0
Thursday 19 March 2020 - 13:40
Zionis Israel dan Virus Corona:

Israel Menutup Perbatasan untuk Semua Warga Asing Non-Residen karena Kasus Corona Melonjak

Story Code : 851282
Benjamin Netanyahu, Zionist PM.jpg
Benjamin Netanyahu, Zionist PM.jpg
Zionis Israel mengumumkan larangan total warga negara asing pada hari Rabu (18/3), dengan pengecualian untuk warga non-warga negara. Negara ini sekarang memiliki 427 kasus dikonfirmasi virus corona, menurut otoritas medis.

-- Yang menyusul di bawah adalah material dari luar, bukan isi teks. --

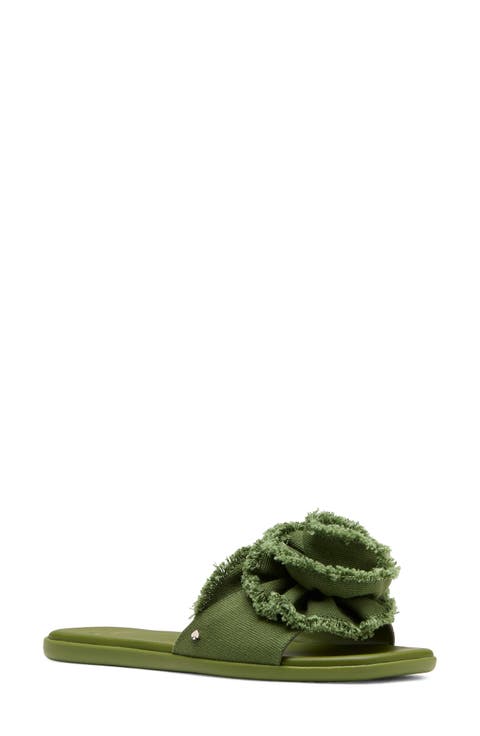 flourish slide sandal (women)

Dengan uji coba massal yang akan diluncurkan, jumlah kasus kemungkinan akan meroket lebih lanjut, Direktur Jenderal Kementerian Kesehatan Moshe Bar Siman-Tov mengatakan kepada Radio Tentara Israel, memperingatkan "kita akan mencapai situasi di mana ada ratusan pasien baru setiap hari , dan mungkin lebih. "
 
PM Benjamin Netanyahu telah berjanji untuk melakukan setidaknya 3.000 uji virus korona per hari, menyerukan Zionis Israel untuk memainkan peran mereka dengan tetap di rumah - dan menyerahkan ke tingkat pemantauan dunia maya yang menggunakan teknologi yang diduga dikembangkan untuk memerangi terorisme.

Otoritas Palestina juga memperketat kontrol gerakan di Tepi Barat, yang memiliki 44 kasus coronavirus yang dikonfirmasi. Tidak ada pergerakan lebih lanjut ke dalam atau ke luar Betlehem akan diizinkan, dan penduduk kota dan dua kota terdekat telah diperintahkan untuk tetap di dalam ruangan, selain dari tenaga medis, PM Mohammad Shtayyeh mengumumkan pada hari Rabu. Warga Palestina yang bekerja di permukiman Tepi Barat Israel tidak lagi diizinkan untuk melakukannya.

Tidak ada kasus yang terdeteksi di Gaza, dan tidak ada kematian yang tercatat dari Covid-19 di Israel atau Palestina.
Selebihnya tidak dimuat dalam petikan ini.